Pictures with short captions

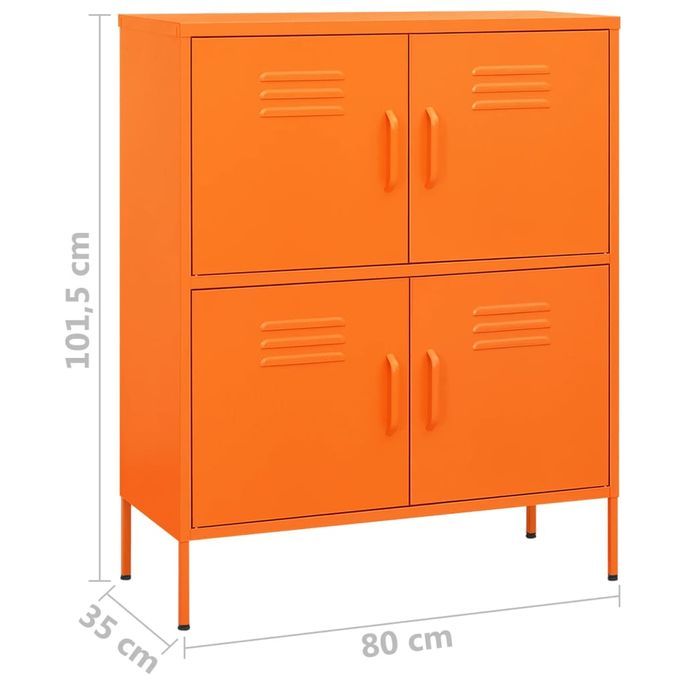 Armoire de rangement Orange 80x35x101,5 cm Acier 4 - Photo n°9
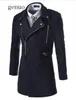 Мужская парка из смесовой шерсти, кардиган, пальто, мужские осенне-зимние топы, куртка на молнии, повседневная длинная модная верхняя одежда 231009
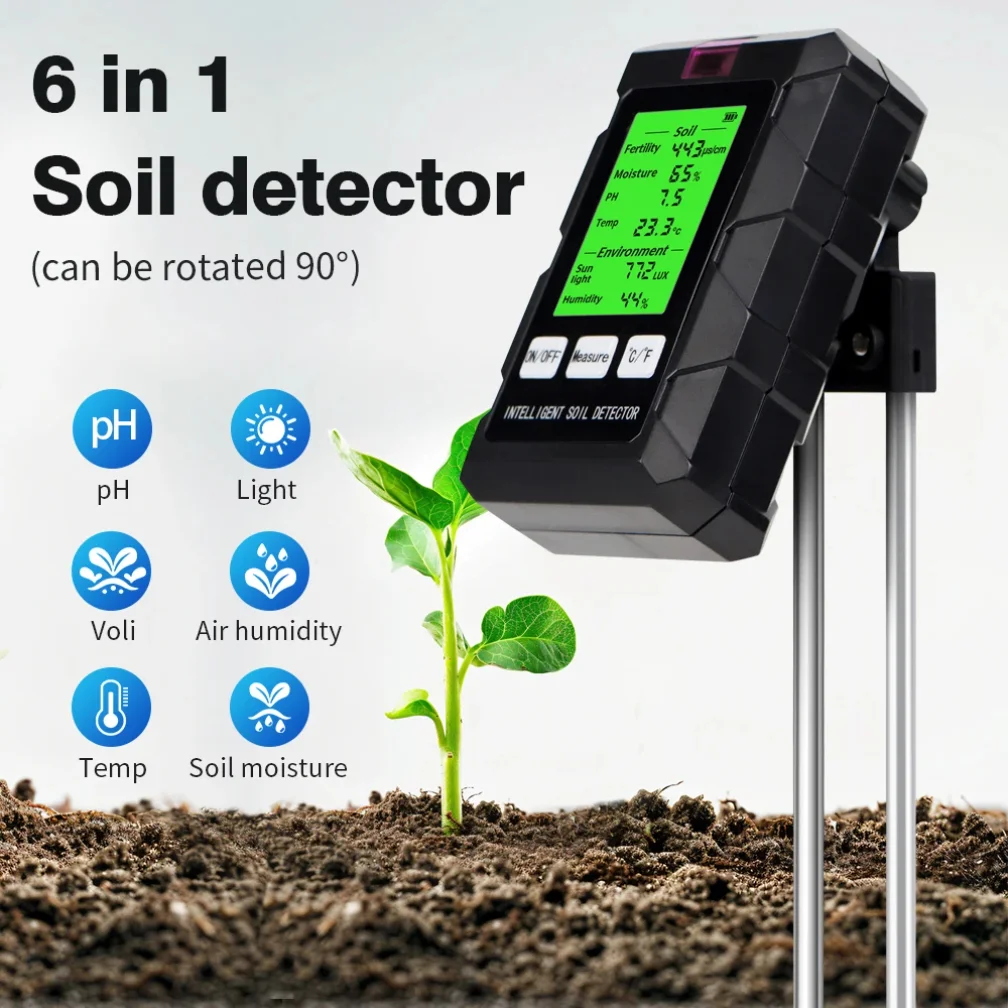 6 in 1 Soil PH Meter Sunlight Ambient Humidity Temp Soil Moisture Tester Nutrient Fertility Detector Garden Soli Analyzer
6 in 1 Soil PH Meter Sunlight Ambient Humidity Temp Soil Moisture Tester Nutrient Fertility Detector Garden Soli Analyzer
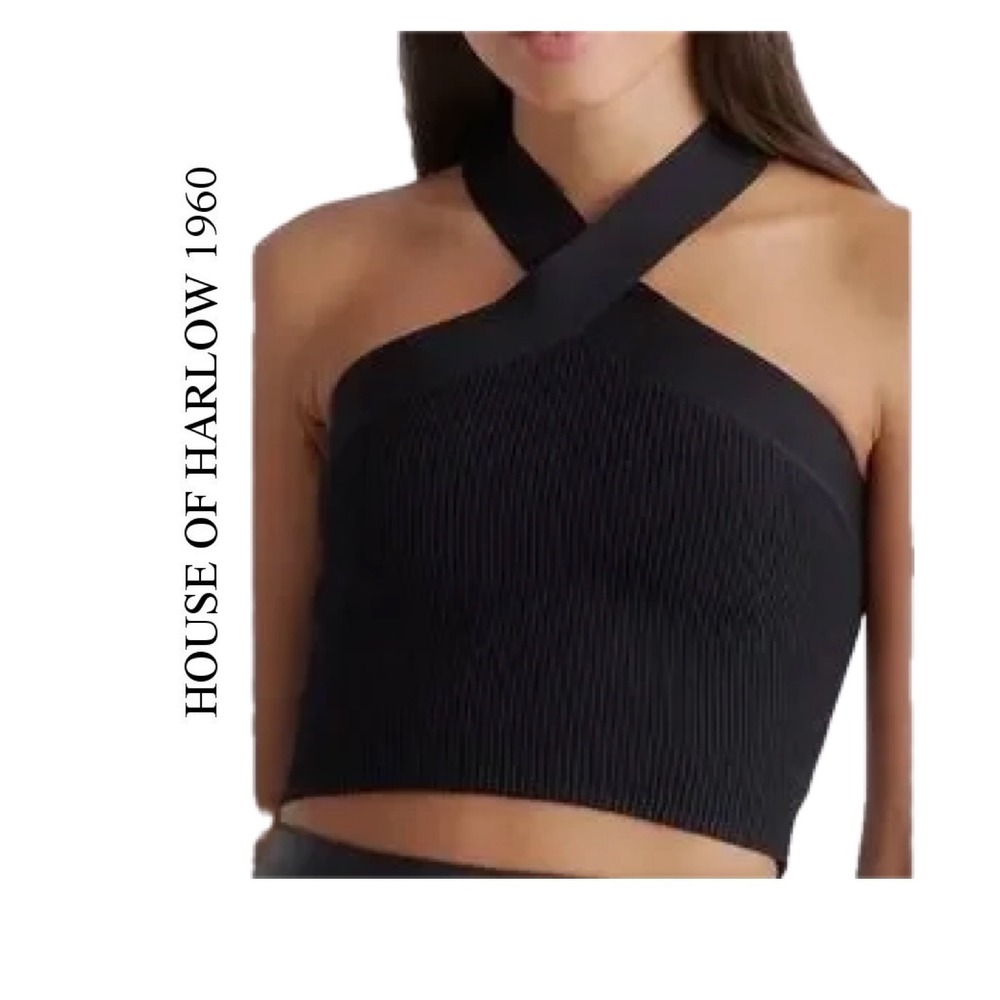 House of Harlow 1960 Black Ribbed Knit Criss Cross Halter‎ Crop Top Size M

■ **EXERCISE DIRECTIONS**: With the images excluded, reproduce the data above precisely as written.

■ **YOUR RESPONSE**:
 Armoire de rangement Orange 80x35x101,5 cm Acier 4 - Photo n°9
 Мужская парка из смесовой шерсти, кардиган, пальто, мужские осенне-зимние топы, куртка на молнии, повседневная длинная модная верхняя одежда 231009
 6 in 1 Soil PH Meter Sunlight Ambient Humidity Temp Soil Moisture Tester Nutrient Fertility Detector Garden Soli Analyzer
6 in 1 Soil PH Meter Sunlight Ambient Humidity Temp Soil Moisture Tester Nutrient Fertility Detector Garden Soli Analyzer
 House of Harlow 1960 Black Ribbed Knit Criss Cross Halter‎ Crop Top Size M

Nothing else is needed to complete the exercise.